# Work instruction
Please produce a character-exact copy of the listing that follows, omitting all images.

# Material shown

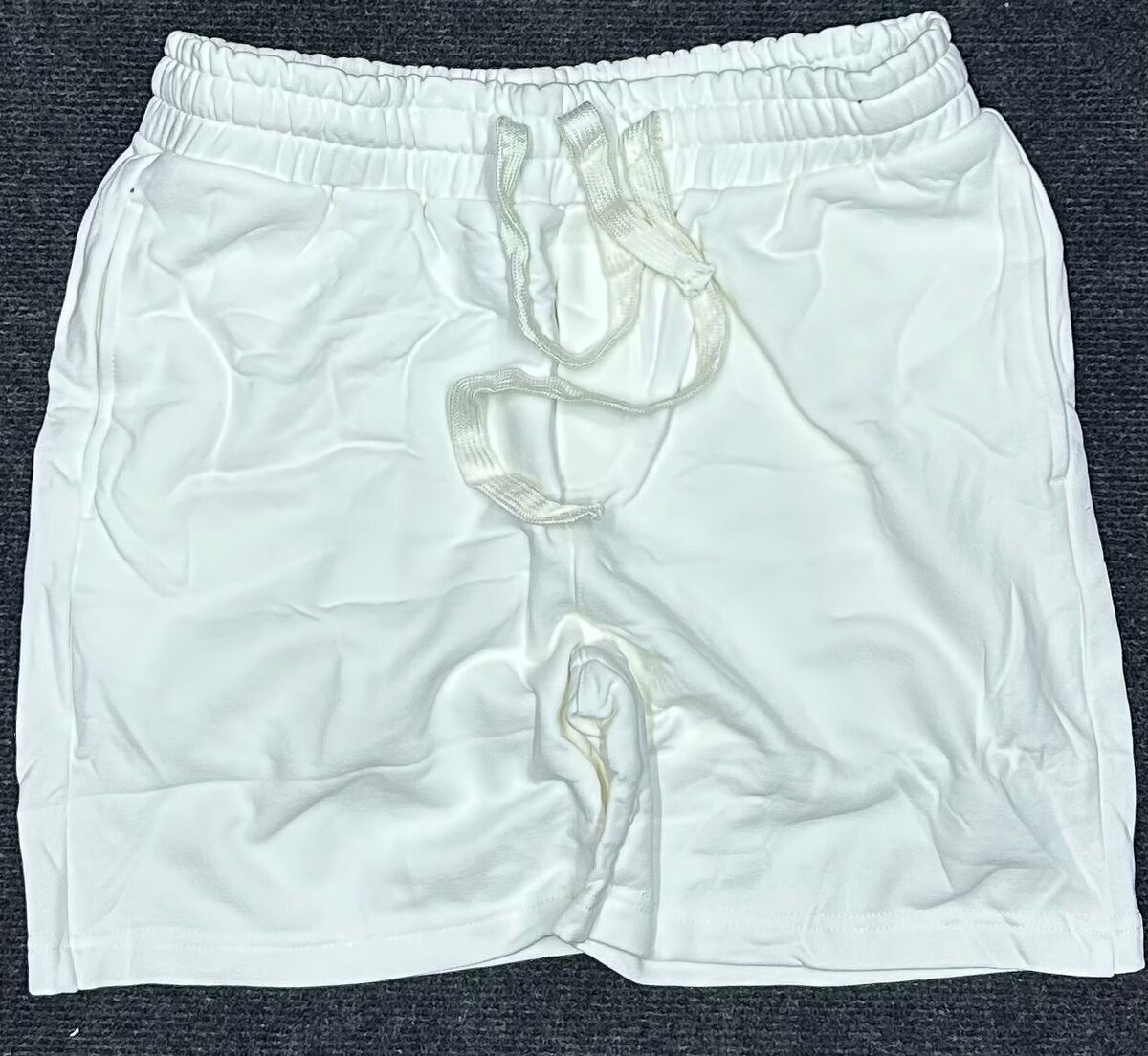Shorts sport confort homme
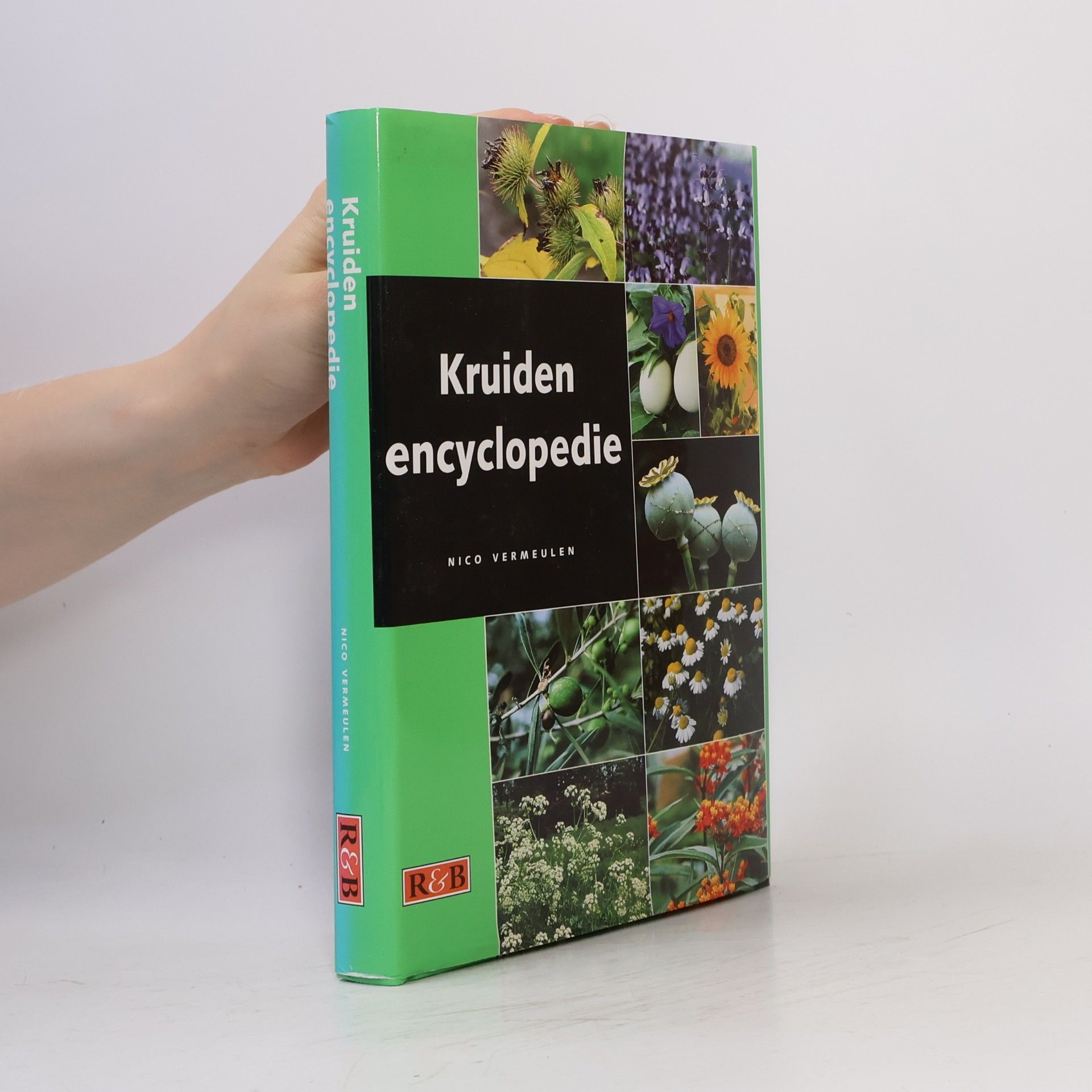 Nico Vermeulen Kruiden encyclopedie
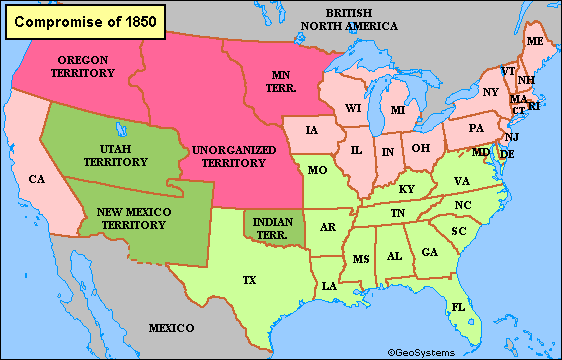 Compromise of 1850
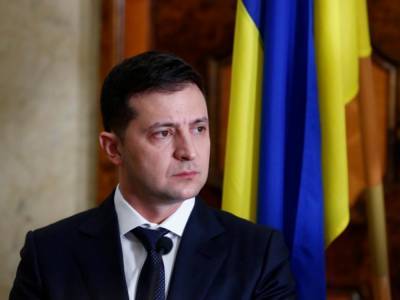 Украина требует полноправного членства в ЕС - Зеленский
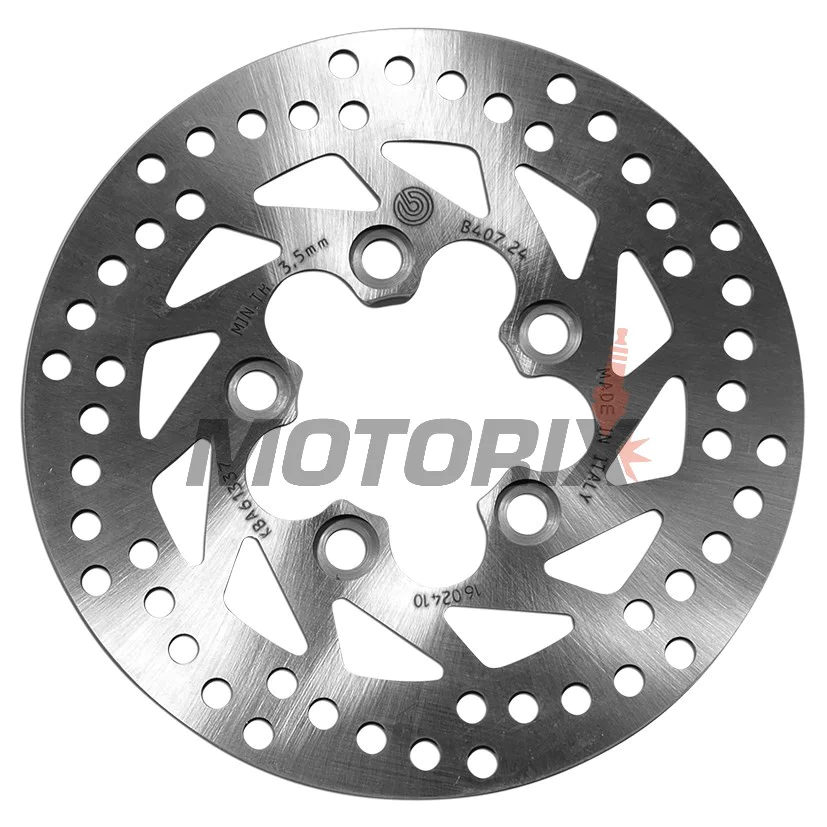 Brzdový kotouč -BREMBO- 68B40724, Kymco Grand Dink 250, Kymco Yup 250 (2001-2005)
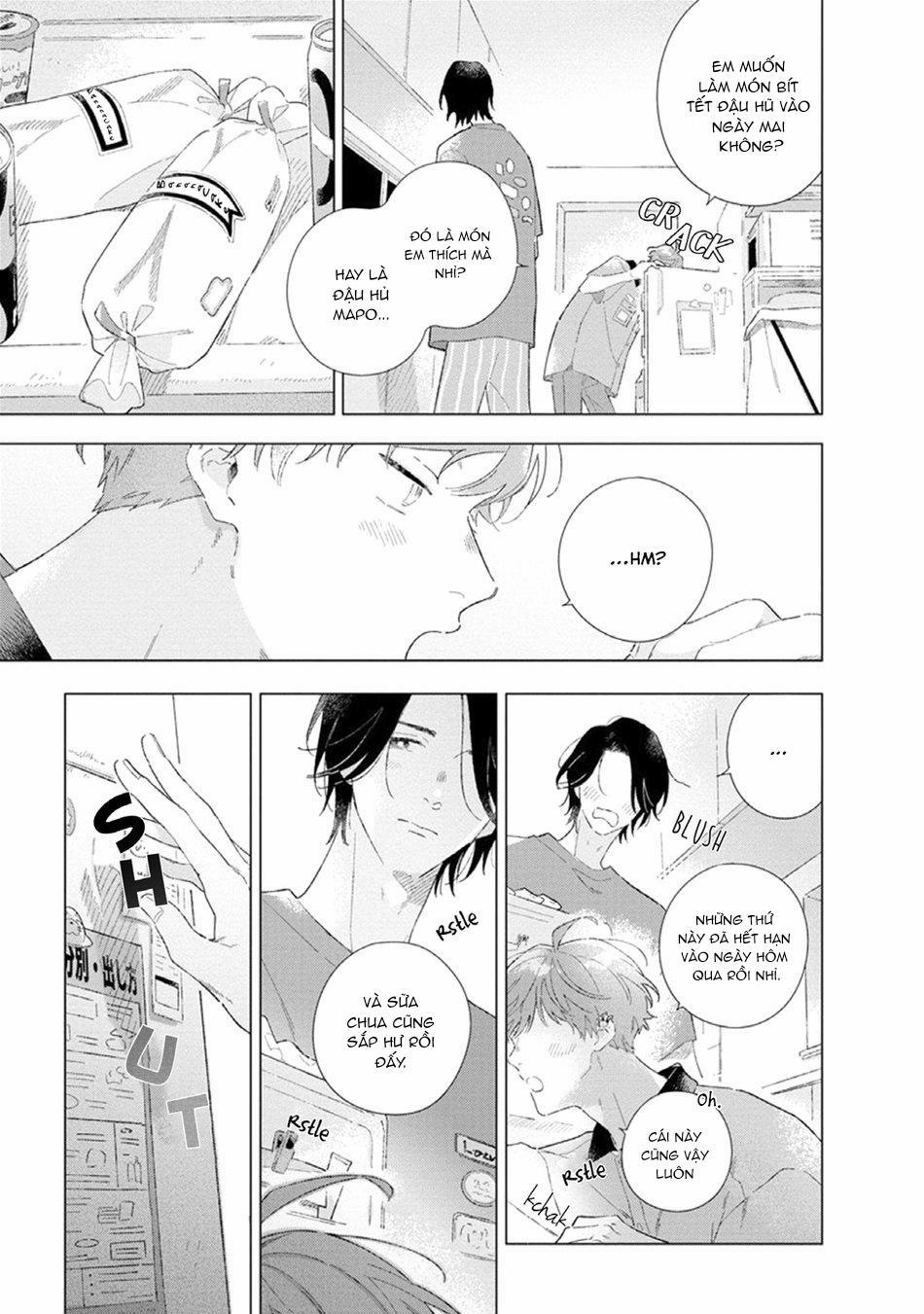 Loss Time ni Hanamuke wo 5 trang 30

# Exercise result
Shorts sport confort homme
 Nico Vermeulen Kruiden encyclopedie
 Compromise of 1850
 Украина требует полноправного членства в ЕС - Зеленский
 Brzdový kotouč -BREMBO- 68B40724, Kymco Grand Dink 250, Kymco Yup 250 (2001-2005)
 Loss Time ni Hanamuke wo 5 trang 30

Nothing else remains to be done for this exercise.